───── Dataset excerpts

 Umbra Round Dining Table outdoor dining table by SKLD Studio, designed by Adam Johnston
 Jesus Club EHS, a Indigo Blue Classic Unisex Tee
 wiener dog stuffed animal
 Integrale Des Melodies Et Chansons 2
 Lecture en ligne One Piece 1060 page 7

──────────
───── Dataset excerpts

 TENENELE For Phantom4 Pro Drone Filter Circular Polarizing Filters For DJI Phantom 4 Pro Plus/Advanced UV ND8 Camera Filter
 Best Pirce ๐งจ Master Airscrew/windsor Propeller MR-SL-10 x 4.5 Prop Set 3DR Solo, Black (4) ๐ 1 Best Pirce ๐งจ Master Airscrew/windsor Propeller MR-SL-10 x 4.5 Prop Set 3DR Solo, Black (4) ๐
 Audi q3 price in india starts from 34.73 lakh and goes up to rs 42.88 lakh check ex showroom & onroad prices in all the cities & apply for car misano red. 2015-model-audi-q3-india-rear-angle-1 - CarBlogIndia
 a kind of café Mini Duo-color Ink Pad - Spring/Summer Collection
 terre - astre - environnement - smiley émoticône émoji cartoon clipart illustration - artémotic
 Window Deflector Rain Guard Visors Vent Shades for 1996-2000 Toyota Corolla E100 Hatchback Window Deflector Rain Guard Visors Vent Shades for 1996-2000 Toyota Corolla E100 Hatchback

──────────

_Exercise objective_
Above are the entries. Quote exactly the lines from the one bearing "Umbra Round Dining" through the one bearing "Lecture en ligne One Piece 1060 page 7".

_Reply to the exercise_
 Umbra Round Dining Table outdoor dining table by SKLD Studio, designed by Adam Johnston
 Jesus Club EHS, a Indigo Blue Classic Unisex Tee
 wiener dog stuffed animal
 Integrale Des Melodies Et Chansons 2
 Lecture en ligne One Piece 1060 page 7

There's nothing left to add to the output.